Integrating Genomic Data to Build Mechanistic Networks for Genes and Small Molecules
The recent increase in interest in mining biological data has spurred the aggregation of genomic data from various model organisms into numerous databases. We want to integrate the data available for one of the more well studied organisms, saccharomyces cerevisiae (yeast), and to build mechanistic networks that present interactions between proteins and compounds (small molecules) so that we can accurately predict drug targets. To that end, we apply machine learning algorithms to the data to create the interaction network; a graph where nodes represent proteins or molecules and edges between nodes represent the probability that two nodes interact. Our two step integration process, where we first predict protein-protein interaction networks for various interaction types and then use these networks to predict protein-compound interaction networks, will provide detailed insight into how pathway level knowledge can be leveraged to predict small molecule level interactions.

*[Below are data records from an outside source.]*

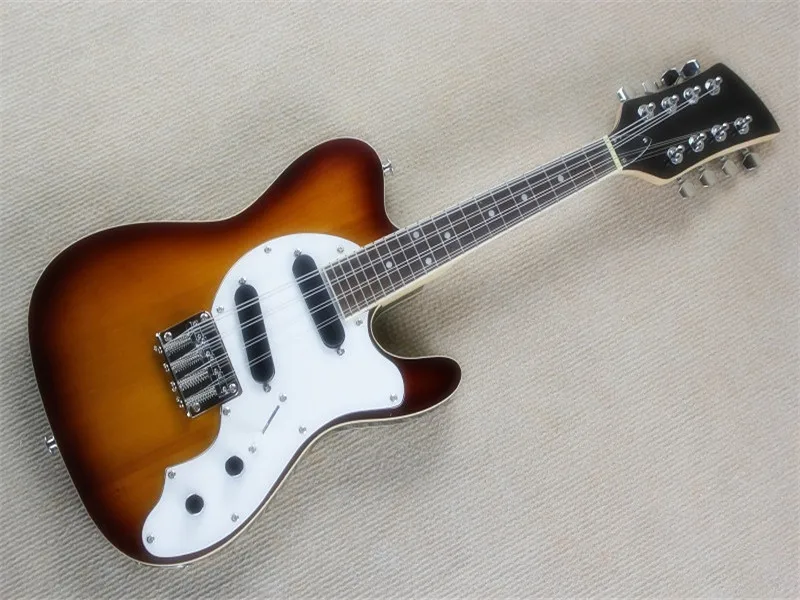 

Factory custom tobacco sunburst body double 8 strings electric guitar with 2 pickups,chrome hardware,can be customized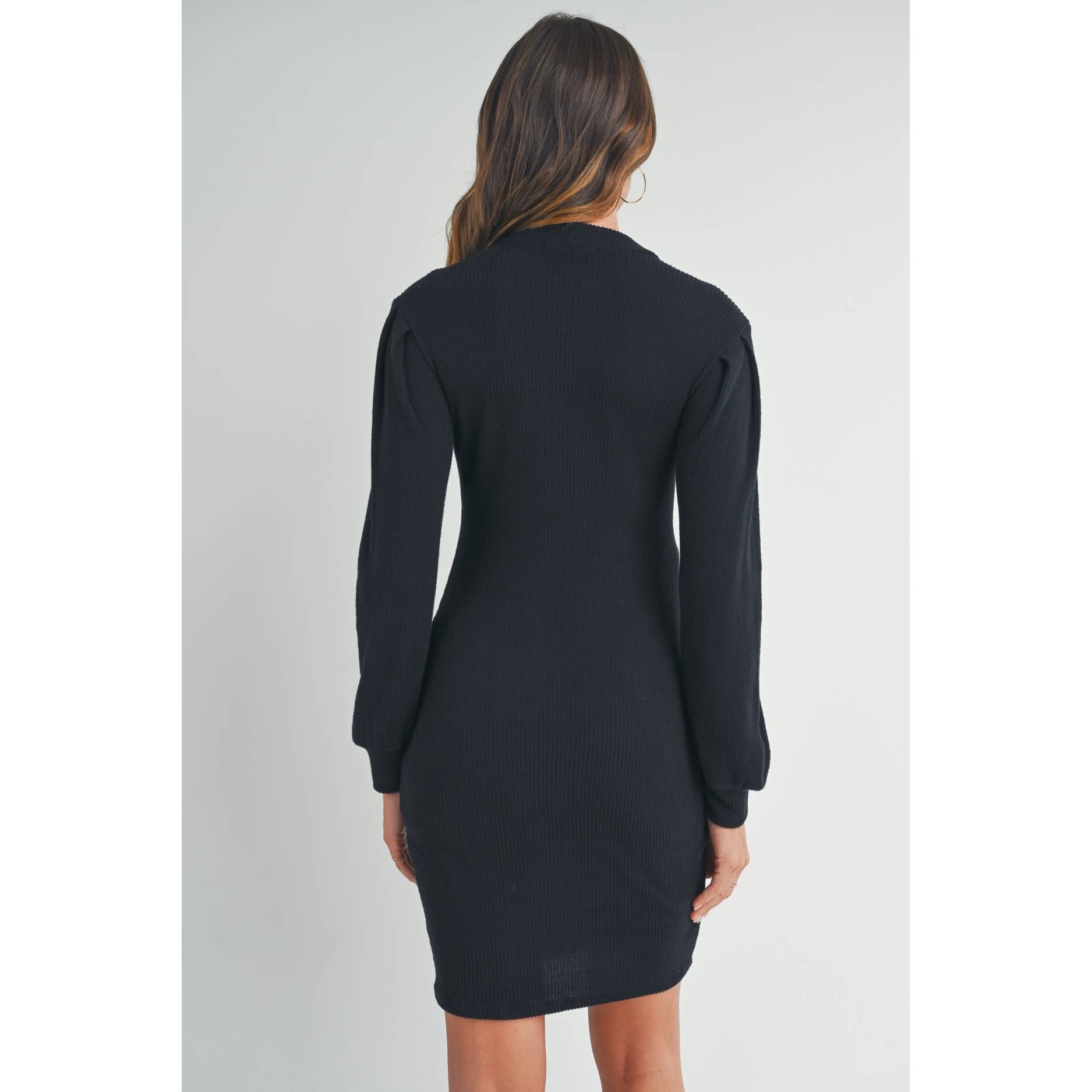 Ribbed Long Sleeve Maternity Knit Dress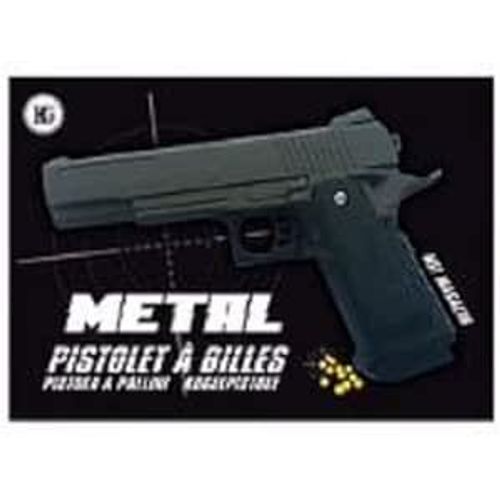 Pistolet A Billes 23 Cm Metal Noir Spring 0.300 Joules Vente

Recent years have also seen an explosion in plant genomics, as the difficulties inherent in sequencing and functionally analyzing these biologically and economically significant organisms have been overcome. Arabidopsis thaliana, a versatile model organism, represents an opportunity to evaluate the predictive power of biological network inference for plant functional genomics. We provide a compendium of functional relationship networks for A. thaliana leveraging data integration based on over 60 microarray, physical and genetic interaction, and literature curation datasets. These include tissue, biological process, and development stage specific networks, each predicting relationships specific to an individual biological context. These biological networks enable the rapid investigation of uncharacterized genes in specific tissues and developmental stages of interest and summarize a very large collection of A. thaliana data for biological examination. We found validation in the literature for many of our predicted networks, including those involved in disease resistance, root hair patterning, and auxin homeostasis.